Document:Q10146
The poem “Amor de Clarice” was written based on words, sentences, and metaphors taken from the short-story “Amor,” by Brazilian writer Clarice Lispector. I am interested in digital media to create collaborative, hypermedia wreadings of literary texts. Following Genette´s forms of paratextuality, the process of quoting or re-writing a text involves an hypotext - the antecedent, imitated literary text (Clarice Lispector's “Amor”); and an hypertext, the text that imitates the hypotext (the poem “Amor de Clarice”). From hypertext to hypermedia, both texts were recorded by the actor Nuno M. Cardoso, and later transcribed to Macromedia’s Flash program, where I made the integration of sound, animation, and interactivity.
To enter the poem and its main menu, click on the words “INICIAR POEMA” on the bottom. There are 52 flash movies, with an average duration of 1 minute each, which can be browsed from the main menu, or, in both linear of random ways, using the icons on the top of each movie. There are two different types of movies. From the main menu, on the left, there are links to 26 movies in which the main poem (the hypertext) appears as animated text, which can be clicked, and dragged by the reader, with sounds assigned to the words; the original text (the hypotext) is also present, as a multilayered, visually appealing, but static background. The sound for theses movies was created by Carlos Morgado using recordings with readings of the poem. On the right, there are links to 26 movies with the same animated hypertext/poem, but where the hypotext in the background of the previous is replaced by video frames, animated and manipulated by Ana Carvalho. The sound files for these movies was designed by Luis Aly, integrating recordings with readings of the short-story.

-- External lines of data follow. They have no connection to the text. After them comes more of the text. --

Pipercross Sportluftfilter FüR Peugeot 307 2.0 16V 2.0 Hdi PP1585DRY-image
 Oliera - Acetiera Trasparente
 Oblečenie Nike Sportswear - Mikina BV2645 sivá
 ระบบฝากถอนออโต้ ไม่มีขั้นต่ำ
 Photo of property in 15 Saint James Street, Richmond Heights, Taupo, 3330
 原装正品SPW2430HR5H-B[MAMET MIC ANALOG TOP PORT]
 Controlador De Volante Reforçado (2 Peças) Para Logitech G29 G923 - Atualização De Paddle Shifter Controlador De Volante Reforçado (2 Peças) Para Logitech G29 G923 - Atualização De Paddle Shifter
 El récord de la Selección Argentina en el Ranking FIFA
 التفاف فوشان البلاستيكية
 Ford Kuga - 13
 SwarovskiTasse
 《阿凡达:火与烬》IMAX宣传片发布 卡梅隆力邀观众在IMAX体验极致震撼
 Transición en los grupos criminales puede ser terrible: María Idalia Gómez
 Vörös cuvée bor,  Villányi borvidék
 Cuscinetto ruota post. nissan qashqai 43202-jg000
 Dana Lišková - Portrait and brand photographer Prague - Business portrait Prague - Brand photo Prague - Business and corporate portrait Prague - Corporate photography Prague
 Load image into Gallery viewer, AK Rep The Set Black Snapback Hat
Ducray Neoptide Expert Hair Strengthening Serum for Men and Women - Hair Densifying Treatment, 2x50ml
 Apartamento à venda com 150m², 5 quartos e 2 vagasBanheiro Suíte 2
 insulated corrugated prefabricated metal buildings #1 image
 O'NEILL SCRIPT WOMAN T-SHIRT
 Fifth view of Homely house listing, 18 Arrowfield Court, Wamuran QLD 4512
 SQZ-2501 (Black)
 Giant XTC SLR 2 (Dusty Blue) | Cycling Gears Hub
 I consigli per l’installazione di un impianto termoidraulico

The use of the three basic matrixes (the verbal, the visual, and the sound) can be found in all experimental poetics: concrete, visual and sound poetry have challenged the order of writing. And digital media combine, in an articulate and intuitive manner, these three matrixes. Like experimental poetry, digital poetry promotes processuality (incompleteness, open-work); interactivity (wreading, re-writing); hypermediality (integration, convergence); and networking (interaction, collaboration).